Triage AWS CloudTrail Redundant Regional REDUNDANT_REGIONAL_TRAIL
Quick Links
- Configure AWS CloudTrail Redundant Regional
- Use Case for AWS CloudTrail Redundant Regional
- Triage Guides by Violation Type
Triage Guide: Redundant Regional AWS CloudTrail
0. Understand
Why should I care about fixing this issue?
Redundant regional CloudTrail trails can incur unnecessary costs, as only the first trail in each region is free. By removing redundancy, you can optimize cost management.
1. Validate
How am I sure that this alert is true and accurate?
The policy relies on AWS CloudTrail API responses to count the number of trails. Ensure that the data retrieved matches the actual trail configuration.
What is the data source for this policy?
The data is fetched from AWS CloudTrail using the listTrails and describeTrails API operations.
Does this policy scan on a schedule or is it Reactive? If so, when?
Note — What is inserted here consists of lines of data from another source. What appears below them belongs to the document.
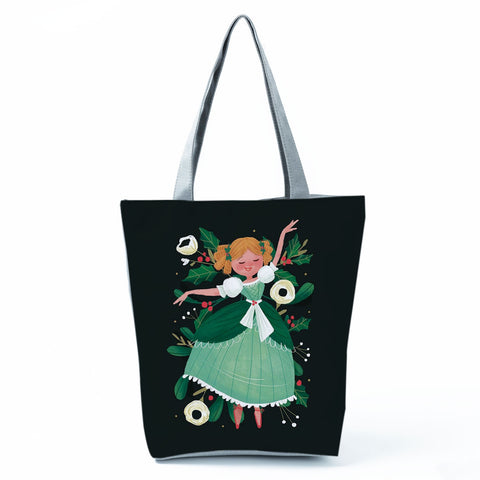 Image of Beautiful Fashion Shoulder Bag Eco Portable Shopping Tote for Women-FrenzyAfricanFashion.com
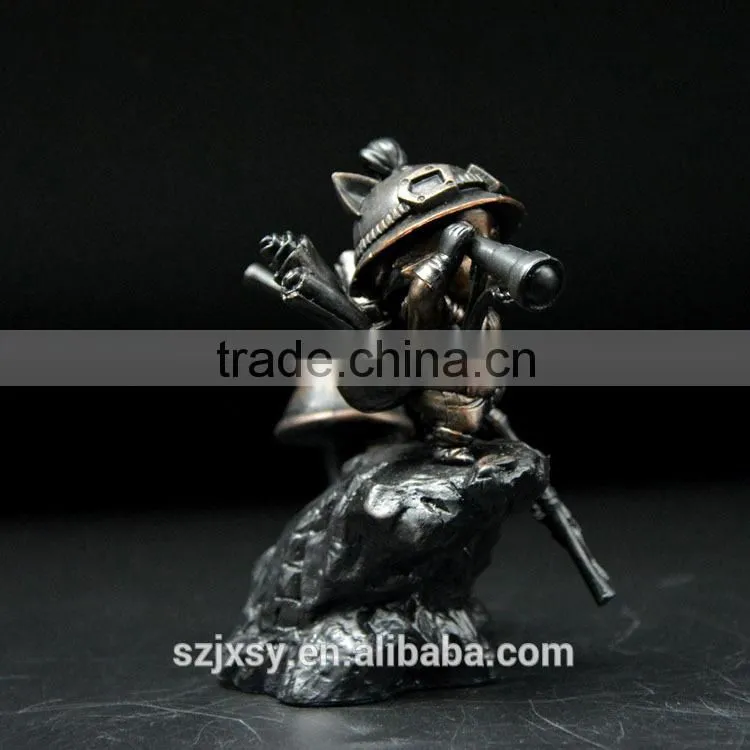 brozen game character model resin Teemo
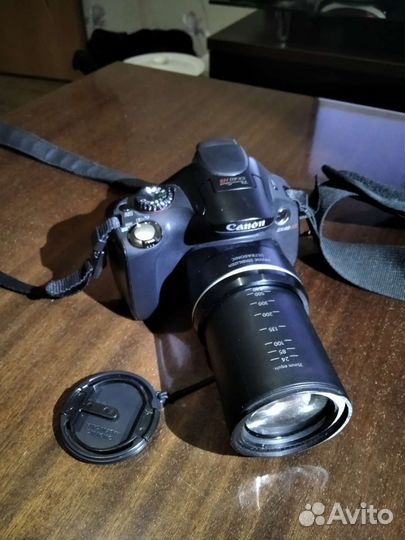 Цифровой фотоаппарат canon Power Shot SX40 HS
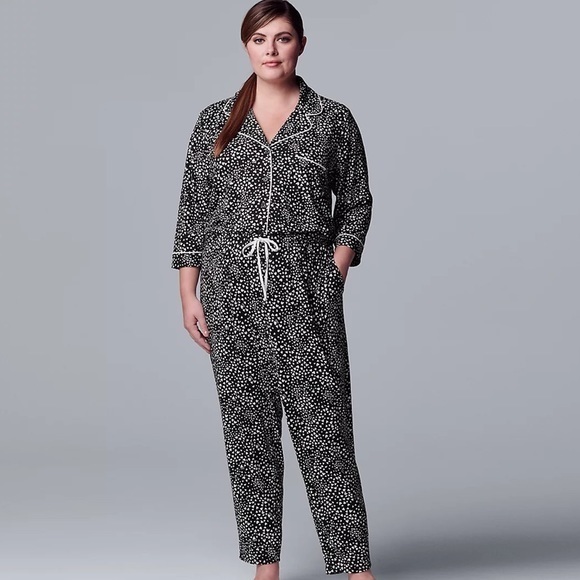 Simply Vera Vera Wang Other - Pajama Set Plus Size Pajama Set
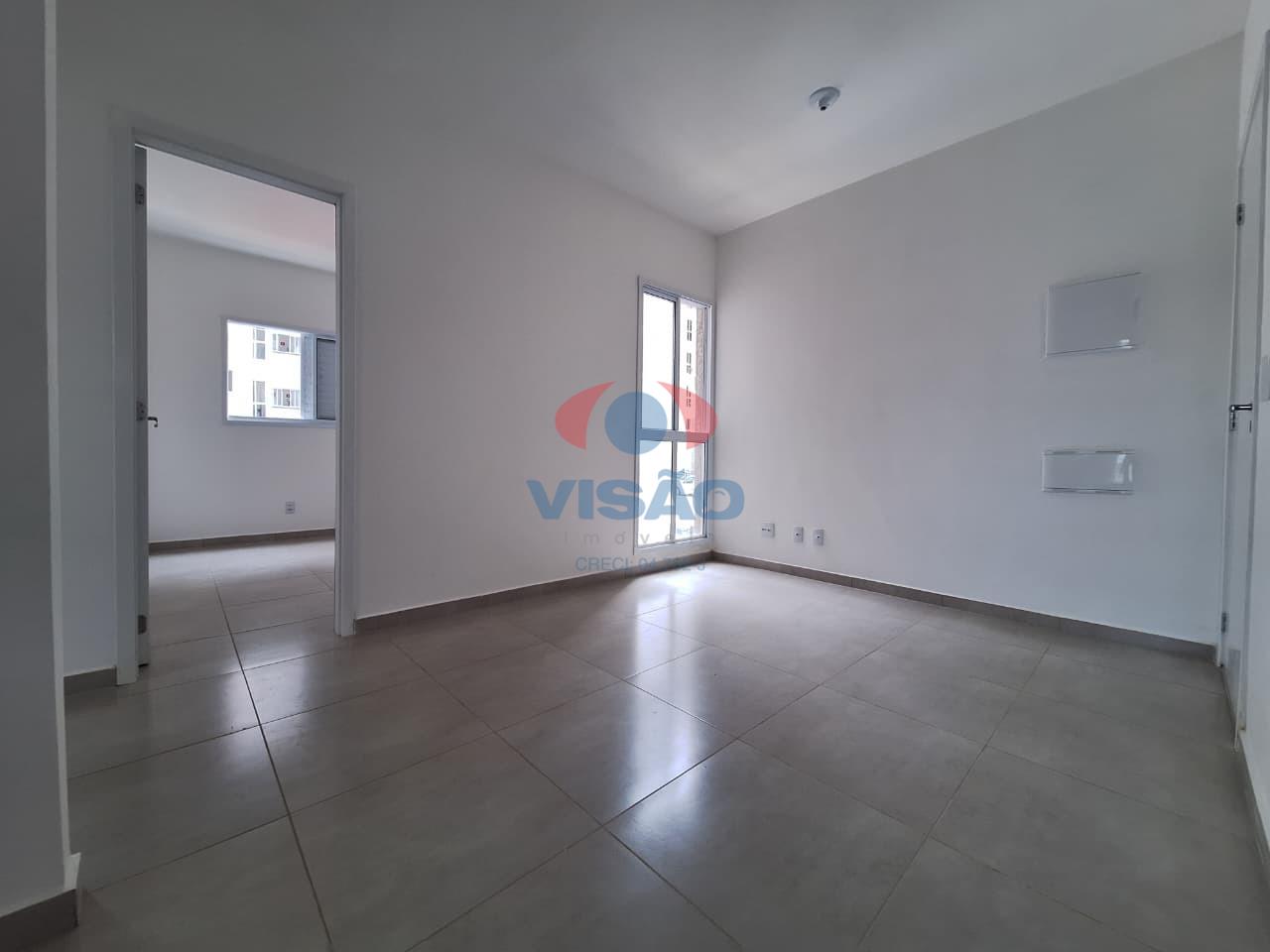 Apartamento para aluguel no Parque Residencial Sabiás:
The policy runs on a scheduled basis to check for redundant trails once a day (0 0 * * *).
2. Triage
What is the impact if it is unfixed?
If left unaddressed, redundant trails will continue to impose additional costs.
Does this problem get worse over time if it is unaddressed?
The problem of redundancy itself does not worsen, but the continued additional costs will accumulate over time.
Can remediation cause outages or downtime to any other running service?
Removing redundant trails should not cause downtime but should be carefully planned to avoid disruptions in logging.
3. Act
What do I do to fix this alarm?
- Log in to the AWS Management Console.
- Navigate to the CloudTrail service.
- Review and identify redundant trails.
- Delete the redundant trails to remain compliant and avoid unnecessary costs.
4. Reflect
What should I do if this alarm wasn't a good use of time?
If the alarm is not useful, you may consider:
- Adjusting the policy settings to better match your organizational requirements.
- Exploring alternative policies or tools to manage trail redundancies effectively.